Rygir · 05-12-2014, 12:17 PM

Quote:

Originally Posted by pan64

It was already mentioned, but probably missed: rsync will do that job for you

Quote:

Originally Posted by Rygir

Because the copying is taken care of, I'm only interested in validating that it did what I hoped it would do.

That said, I was interested in rsync but I haven't been able to get it to work. Supposedly my nas supports it, but I doubt my source machine supports it. I forgot what went wrong exactly but maybe I was just doing it wrong....

---

Rygir · 05-12-2014, 12:33 PM

Quote:

Originally Posted by jpollard

Consider the differences between ext2/ext3 and ext4. ... In other filesystems, no data was in the inode, just a pointer list. And the size of that pointer list would depend on the block size of the device.
... Even then, not all filesystems support the same set of ACLs... those not supported get dropped.

Fascinating information, thanks for explaining all this to me, it's nice to learn some details like these!

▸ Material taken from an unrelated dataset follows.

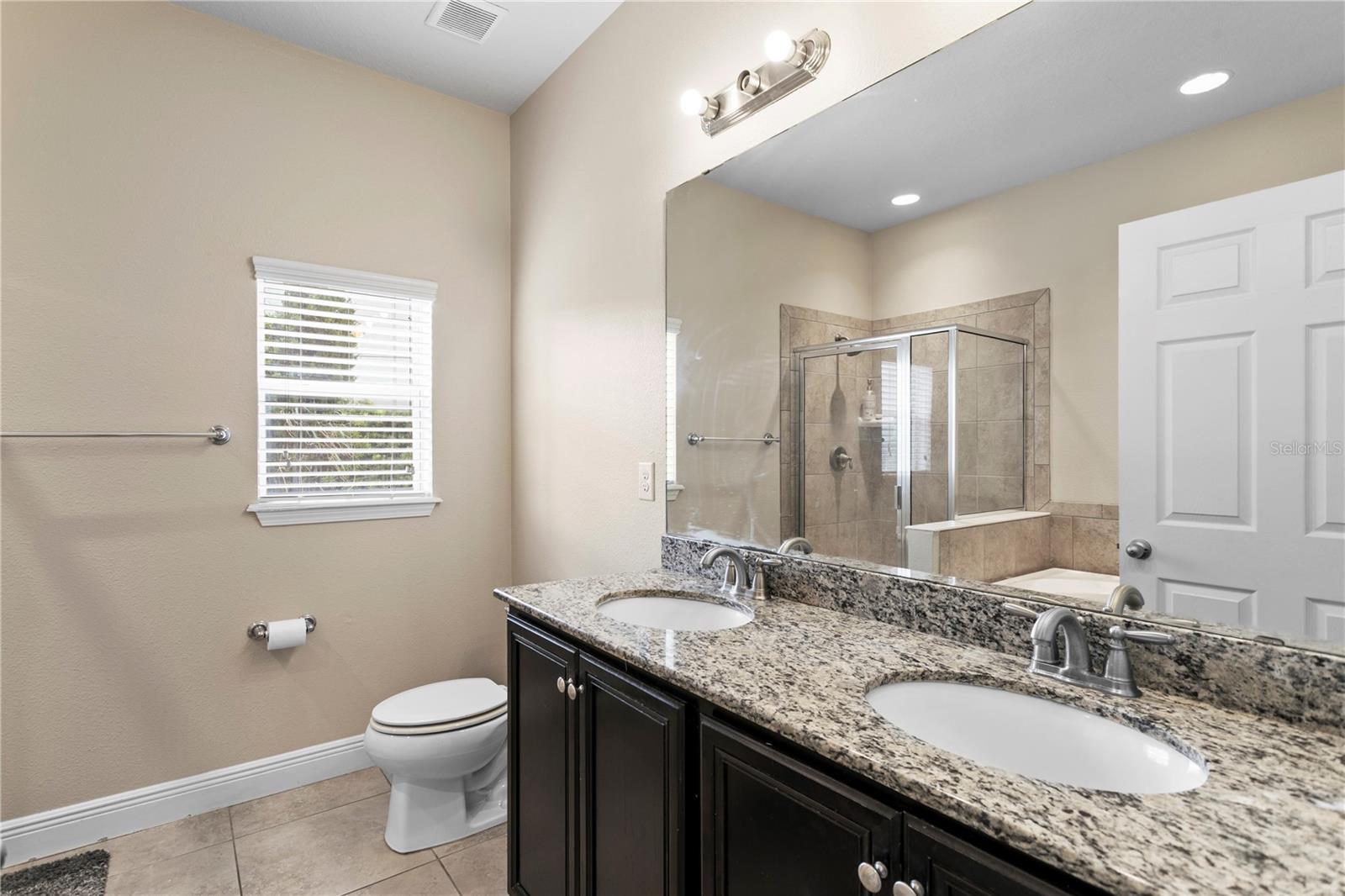 2837 MAPLE BROOK LOOP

The good news is that these details are not the kind of details that I was aiming to copy. Well maybe the ACL but for my current application it doesn't matter.

Quote:

Well "work was done on a file" is ambiguous - copying a file IS work done on a file.

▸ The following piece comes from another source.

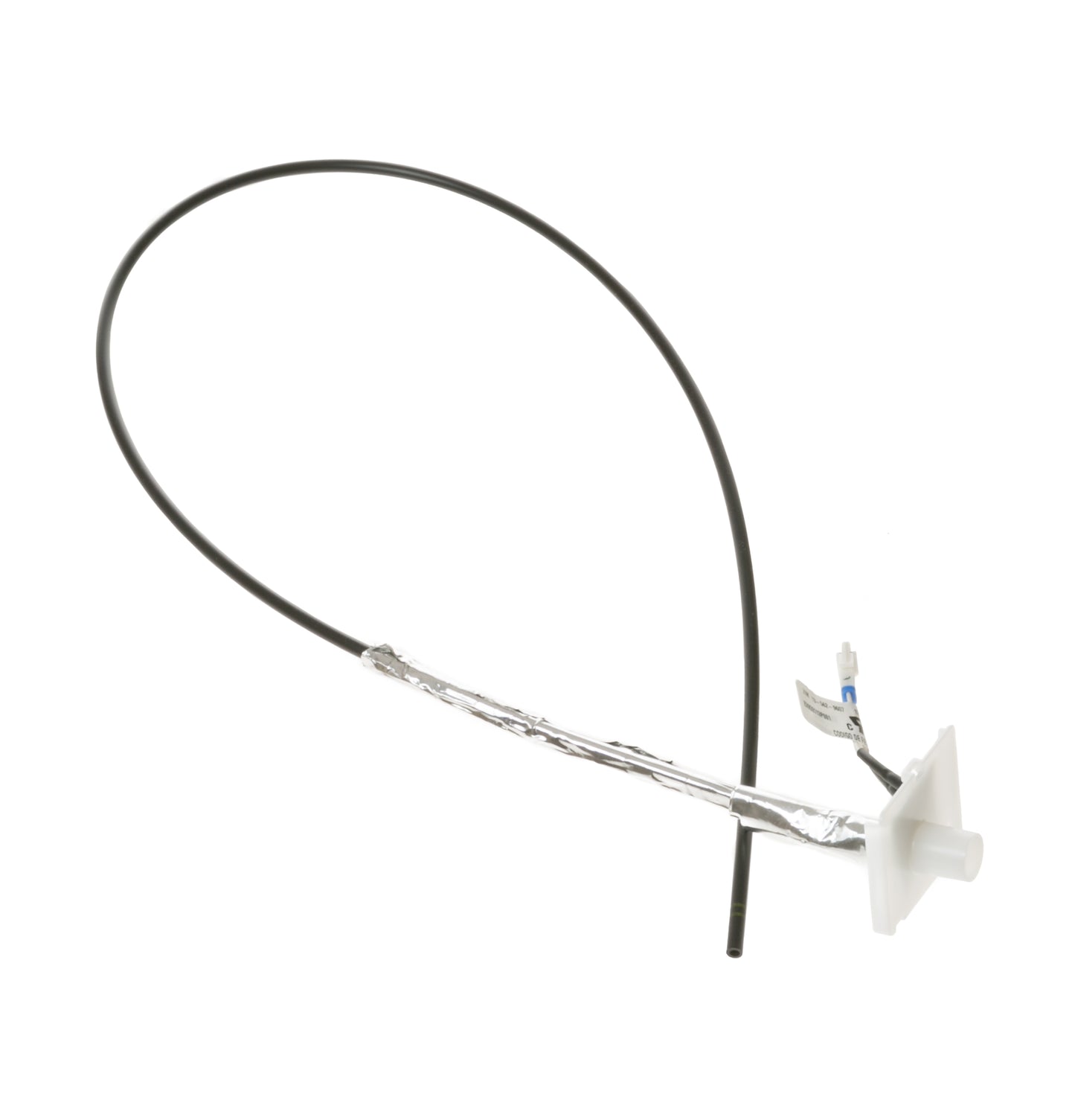 Whirlpool Pedestl - W11383815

I meant from a user's perspective, as in when I move my car it's still the same car.

Or perhaps more ambiguously : while moving a car and driving to your location are roughly the same, only driving to a location is considered to really be "making use of your car", moving it to a different parking spot because someone else couldn't get out of their garage is just overhead.

So let me specify that when I mention meta data I'm referring to information belonging to the abstract concept of a file and that has nothing to do with the file system it is contained on. I guess this is still debatable but let's say I just want the file (and not inode) modification date, a creation date if it can be found and any alternate data streams if present, filename and the size of the file should be tested to make sure the copy was a success.

Quote:

Users don't set the "creation date"... the system identifies the inode modification date so that a user cannot hide the fact that the file/inode has been modified. Without that restriction anyone would be able to alter a log file... and hid the fact that the log file was altered.

How can you see this date? It's clearly not the file's modification date since you can just set that...

Quote:

It is also one reason using dd to make a copy of a filesystem doesn't always work. ...thus causing failures on boot as the correct filesystem for a given mount can't necessarily be made.

Again, fascinating things but I've used dd so far only to make identical copies with the idea to be able to replace a hard drive instantly so this behaviour was actually exactly what I wanted

.

Quote:

I believe that can only keep modification date and access date, not inode modification date.

That would be perfect, I don't want to confuse the file system by faking things it relies on.

Quote:

A tar file (or cpio) is the most reliable way to preserve the file - it does get the inode modification date, even if it can't restore it. It also has ways of storing other metadata (the extended attributes). It will not preserve the metadata required by a filesystem to maintain the storage of the data (that is irrelevant anyway).

I didnt' know tar stored all these details...but it doesn't change the problem that when I untar them to the destination I still want to check everything has been deployed correctly and the target file system accepted the "meta data"/file dates.